Northwell Health, which recently made headlines with the layoff of 1,400 unvaccinated employees, offers digital training such as videos or articles, financial webinars, and financial planning that enable employees to meet with professionals individually.

The benefits are clear and outweigh any costs the program incurs, Grubard said.

“Think about how you feel when you are financially stressed and how this leads to anxiety, depression, weight gain and underlying medical conditions, leading to more absenteeism and lower productivity,” she said.

“We need our bedside staff,” she added. “We need them to provide the best possible care for our patients and the community.”

It’s a win-win situation.

Annamaria Lusardi

Professor at the George Washington University School of Business

The data support this view.

High financial stress workers are twice as likely to be sick when they are not, with 48% of stressed workers being sick compared to 24% of non-stressed workers, a Lockton Retirement Services survey of 613 people across the country found.

Added to this is the time that is spent on personal money matters during working hours. Low-financial workers spend an average of six hours a week at work dealing with financial issues, compared to an hour a week for those with high financial literacy, according to the TIAA Institute-GFLEC Personal Finance Index 2021.

When you multiply the time you spend working on finance by your wages, companies will see the value of a financial education, said Annamaria Lusardi, professor at the George Washington University School of Business and founder and academic director of Global Financial Literacy GWSB Center of Excellence.

“It’s a win-win situation,” she said.

To create a robust financial wellness program, employers need to take a holistic approach that helps not only retirement planning but also helps in building emergency savings, debt management and financial literacy, among other things, she said.

“A good program starts with building blocks,” noted Lusardi, a member of the CNBC Invest in You Financial Wellness Council.

For example, 40% of non-retired adults don’t have enough savings to cover the cost of living for a month, according to the TIAA Institute-GFLEC Personal Finance Index.
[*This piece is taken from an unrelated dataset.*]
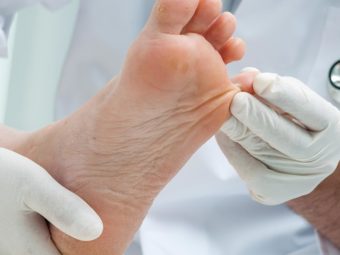 Athlete's Foot During Pregnancy: Causes And Home Remedies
Certainly there were financial pressures and fears long before the Covid-19 pandemic. A 2018 study by the Investor Education Foundation of the Financial Industry Regulatory Authority found that 53% of Americans said their finances are unsettling and 44% think discussing their finances is stressful. The pandemic has exacerbated this for many, especially women and people of color.

“After a pandemic, we need to be even more careful about our finances,” said Lusardi. “Most of us really suffered from this pandemic.”